WHAT THIS TASK INVOLVES: Below are entries; repeat exactly, and nothing else, the lines from the one holding "Combo rọ lọc" through the one holding "Susenstone Soldes Salopette", inclusive. Leave the pictures out.

INFORMATION GIVEN:
____________
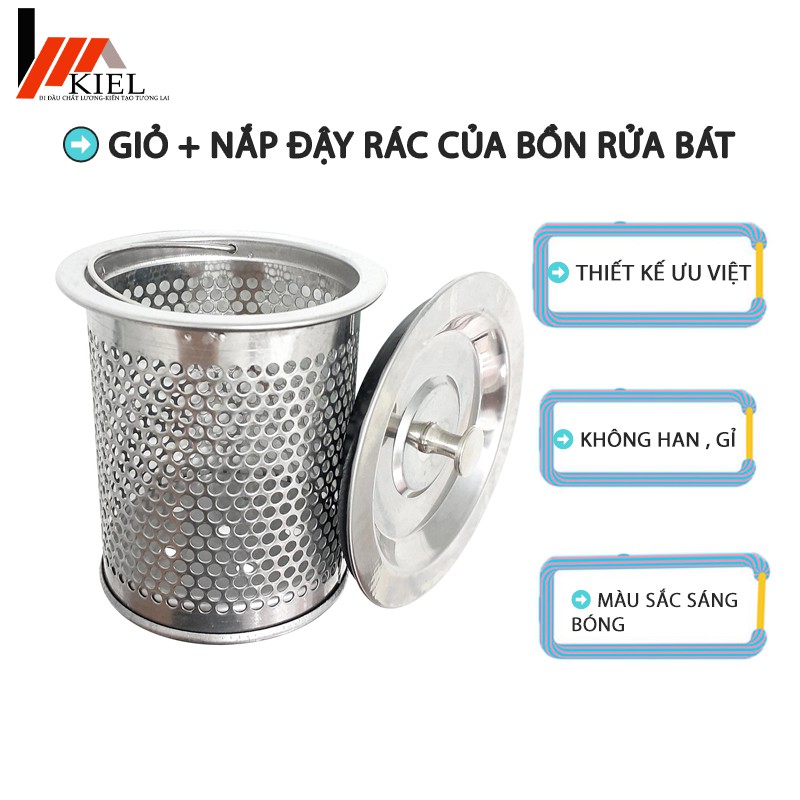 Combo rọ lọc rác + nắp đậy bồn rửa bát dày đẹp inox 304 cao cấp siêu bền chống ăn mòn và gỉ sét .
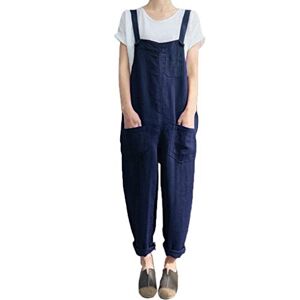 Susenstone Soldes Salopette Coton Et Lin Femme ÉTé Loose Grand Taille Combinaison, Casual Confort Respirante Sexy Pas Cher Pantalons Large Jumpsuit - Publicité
____________
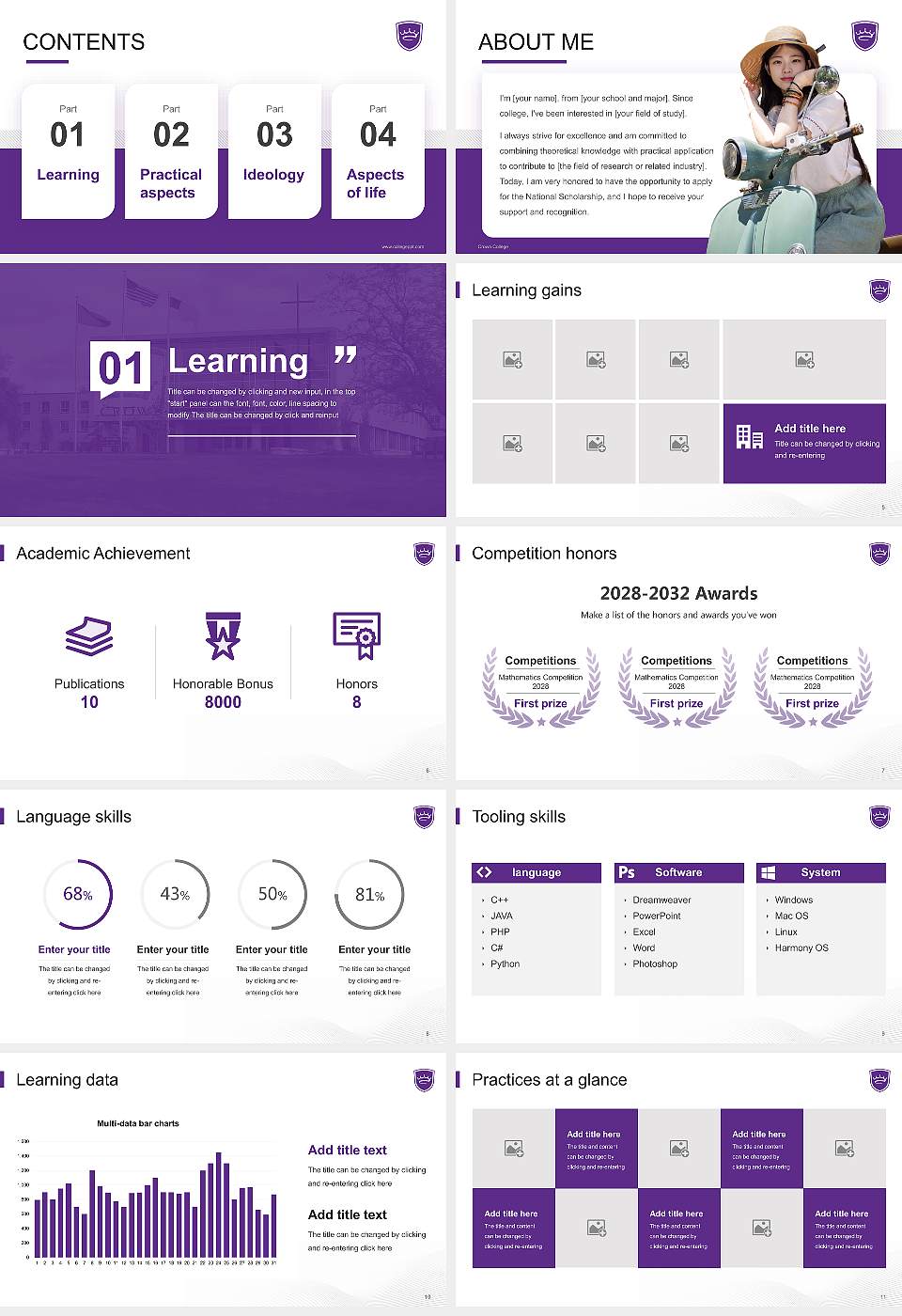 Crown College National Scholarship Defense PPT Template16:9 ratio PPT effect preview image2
____________
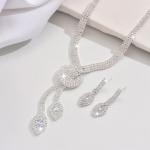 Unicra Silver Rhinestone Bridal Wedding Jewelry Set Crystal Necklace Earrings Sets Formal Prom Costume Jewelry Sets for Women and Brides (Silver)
____________
YOUR RESPONSE:
 Combo rọ lọc rác + nắp đậy bồn rửa bát dày đẹp inox 304 cao cấp siêu bền chống ăn mòn và gỉ sét .
 Susenstone Soldes Salopette Coton Et Lin Femme ÉTé Loose Grand Taille Combinaison, Casual Confort Respirante Sexy Pas Cher Pantalons Large Jumpsuit - Publicité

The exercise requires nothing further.